Many entrepreneurs dream of running a family business. They imagine working with people they know and trust, then handing the company down to their children when they retire.
It’s an attractive goal, and while keeping it in the family is certainly possible, nepotism can erode this vision and jeopardize a business in a few costly ways. Here are some pitfalls of which to be aware:
What is nepotism?
Nepotism involves showing favor to relatives in the work environment, regardless of merit. It can happen in a million different ways, but often includes:
- Hiring or promoting family members over other more qualified candidates;
- Deferring to relatives for important decisions, even when presented with more informed recommendations from others;
- Giving family members unjustified bonuses; and
- Failing to penalize or hold relatives accountable for misconduct or poor performance.
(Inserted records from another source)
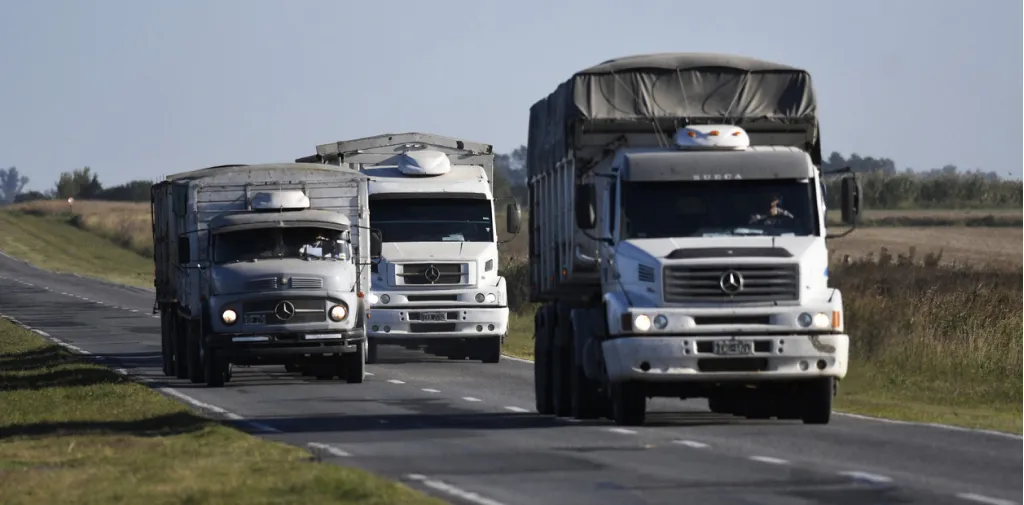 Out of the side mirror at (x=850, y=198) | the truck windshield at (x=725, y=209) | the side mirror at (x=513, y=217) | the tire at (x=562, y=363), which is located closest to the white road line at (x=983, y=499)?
the side mirror at (x=850, y=198)

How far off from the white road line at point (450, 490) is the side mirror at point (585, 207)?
4290mm

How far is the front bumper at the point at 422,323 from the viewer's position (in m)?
33.2

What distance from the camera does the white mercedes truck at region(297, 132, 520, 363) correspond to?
33031 millimetres

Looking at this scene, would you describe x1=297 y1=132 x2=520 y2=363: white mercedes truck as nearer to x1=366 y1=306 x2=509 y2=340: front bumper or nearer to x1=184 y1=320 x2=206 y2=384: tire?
x1=366 y1=306 x2=509 y2=340: front bumper

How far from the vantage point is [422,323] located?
33.3 m

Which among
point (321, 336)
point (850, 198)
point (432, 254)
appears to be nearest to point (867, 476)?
point (850, 198)

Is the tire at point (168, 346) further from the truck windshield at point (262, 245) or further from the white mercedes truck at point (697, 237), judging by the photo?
the white mercedes truck at point (697, 237)

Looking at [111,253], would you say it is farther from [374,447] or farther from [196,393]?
[374,447]

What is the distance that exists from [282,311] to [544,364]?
220 inches

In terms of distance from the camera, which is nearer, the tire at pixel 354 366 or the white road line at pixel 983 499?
the white road line at pixel 983 499

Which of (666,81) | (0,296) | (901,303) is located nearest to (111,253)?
(0,296)

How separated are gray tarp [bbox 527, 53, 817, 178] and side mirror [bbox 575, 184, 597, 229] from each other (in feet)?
3.38

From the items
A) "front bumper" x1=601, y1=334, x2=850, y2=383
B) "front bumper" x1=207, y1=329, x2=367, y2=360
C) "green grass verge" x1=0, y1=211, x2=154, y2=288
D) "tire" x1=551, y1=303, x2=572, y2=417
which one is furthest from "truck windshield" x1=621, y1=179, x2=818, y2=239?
"green grass verge" x1=0, y1=211, x2=154, y2=288

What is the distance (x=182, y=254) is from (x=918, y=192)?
2450 inches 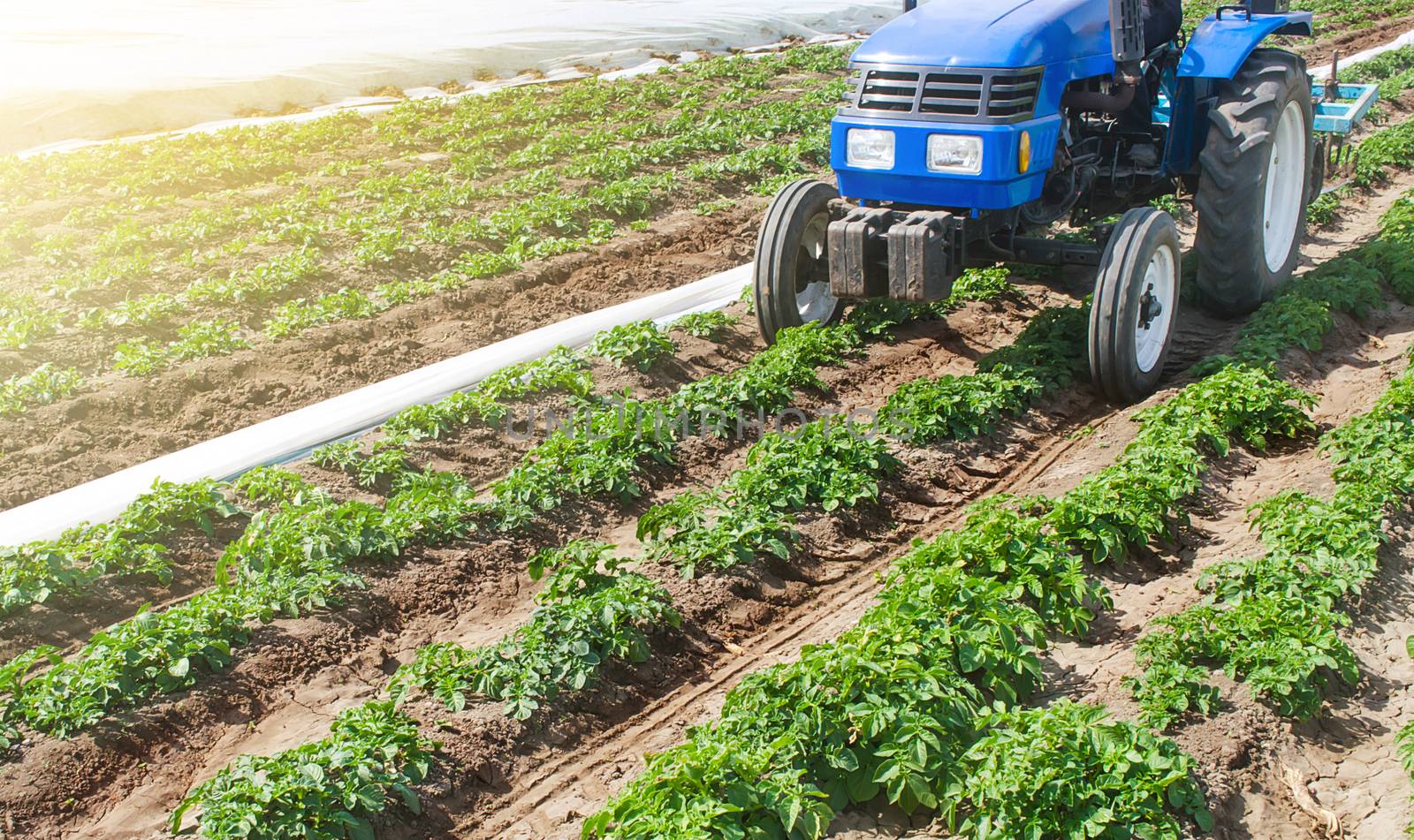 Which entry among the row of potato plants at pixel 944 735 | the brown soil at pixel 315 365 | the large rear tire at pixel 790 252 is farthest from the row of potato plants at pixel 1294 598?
the brown soil at pixel 315 365

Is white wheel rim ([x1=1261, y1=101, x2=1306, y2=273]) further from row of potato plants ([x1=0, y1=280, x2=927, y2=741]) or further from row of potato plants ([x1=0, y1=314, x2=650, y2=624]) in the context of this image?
row of potato plants ([x1=0, y1=314, x2=650, y2=624])

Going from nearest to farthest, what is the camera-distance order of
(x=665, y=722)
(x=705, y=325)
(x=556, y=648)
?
(x=665, y=722) < (x=556, y=648) < (x=705, y=325)

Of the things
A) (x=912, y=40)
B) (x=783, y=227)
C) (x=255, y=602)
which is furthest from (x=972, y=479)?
(x=255, y=602)

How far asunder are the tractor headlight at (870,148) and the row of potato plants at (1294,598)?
8.60 ft

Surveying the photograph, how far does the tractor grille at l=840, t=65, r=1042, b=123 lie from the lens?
251 inches

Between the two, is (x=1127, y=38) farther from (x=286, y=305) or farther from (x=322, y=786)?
(x=322, y=786)

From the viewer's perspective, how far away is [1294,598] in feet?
14.7

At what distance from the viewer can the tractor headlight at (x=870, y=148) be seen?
6.57 metres

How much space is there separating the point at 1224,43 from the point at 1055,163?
1474mm

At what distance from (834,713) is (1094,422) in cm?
334

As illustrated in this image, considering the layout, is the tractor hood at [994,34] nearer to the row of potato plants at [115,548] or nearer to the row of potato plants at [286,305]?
the row of potato plants at [286,305]

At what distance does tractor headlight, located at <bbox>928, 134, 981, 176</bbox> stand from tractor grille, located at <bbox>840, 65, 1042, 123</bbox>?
0.11m

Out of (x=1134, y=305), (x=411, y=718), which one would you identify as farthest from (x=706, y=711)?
(x=1134, y=305)

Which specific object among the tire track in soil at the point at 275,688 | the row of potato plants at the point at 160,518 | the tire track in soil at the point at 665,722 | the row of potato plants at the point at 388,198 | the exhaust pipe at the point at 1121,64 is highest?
the exhaust pipe at the point at 1121,64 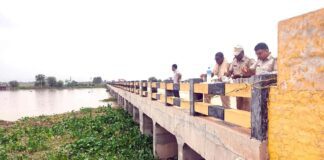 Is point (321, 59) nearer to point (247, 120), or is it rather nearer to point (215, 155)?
point (247, 120)

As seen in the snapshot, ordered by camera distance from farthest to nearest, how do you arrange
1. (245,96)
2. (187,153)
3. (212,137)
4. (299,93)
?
(187,153) → (212,137) → (245,96) → (299,93)

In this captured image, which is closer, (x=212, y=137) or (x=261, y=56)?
(x=212, y=137)

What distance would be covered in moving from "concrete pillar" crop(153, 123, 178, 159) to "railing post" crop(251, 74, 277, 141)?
635 cm

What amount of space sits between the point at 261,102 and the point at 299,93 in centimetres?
43

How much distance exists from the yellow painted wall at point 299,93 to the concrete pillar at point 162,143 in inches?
255

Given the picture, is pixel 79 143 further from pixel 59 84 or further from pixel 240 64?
pixel 59 84

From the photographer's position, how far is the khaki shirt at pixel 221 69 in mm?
6008

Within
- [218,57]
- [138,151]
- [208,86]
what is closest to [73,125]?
[138,151]

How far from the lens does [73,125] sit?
16.9 meters

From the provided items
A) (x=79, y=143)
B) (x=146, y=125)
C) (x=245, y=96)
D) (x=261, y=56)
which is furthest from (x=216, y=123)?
(x=79, y=143)

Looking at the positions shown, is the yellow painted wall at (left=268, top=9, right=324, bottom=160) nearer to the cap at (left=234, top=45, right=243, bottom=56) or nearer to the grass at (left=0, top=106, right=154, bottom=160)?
the cap at (left=234, top=45, right=243, bottom=56)

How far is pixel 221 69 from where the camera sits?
241 inches

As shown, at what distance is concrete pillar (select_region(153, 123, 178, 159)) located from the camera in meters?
8.91

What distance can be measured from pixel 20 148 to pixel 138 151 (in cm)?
600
These acts cross the line between working with people you trust and letting personal relationships trump the best interests of a business.
What harm can nepotism do to a family business?
Employers who favor family members can create several obstacles for themselves.
As discussed in this article, nepotism can:
- Weaken employee morale and reduce confidence in leadership;
- Result in poor decisions that lessen the value of business products and services; and
- Lead to inadequate structures for ensuring the capabilities of future successors.
These consequences can be disruptive and costly for the business both now and down the road.
Working with family without it being a liability
Working with family members can be a successful endeavor as long as owners set clear expectations and boundaries.
For instance, employers can prevent the fallout from nepotism by creating and enforcing strict policies regarding:
- Hiring practices;
- Performance standards;
- Compensation structures; and
- Business succession plans
Employers may also have anti-nepotism policies in place. They could restrict family members from working for or too closely with the business, or having disproportionate control.
Having these protective measures in place can help family and work relationships co-exist, without compromising the business’s success.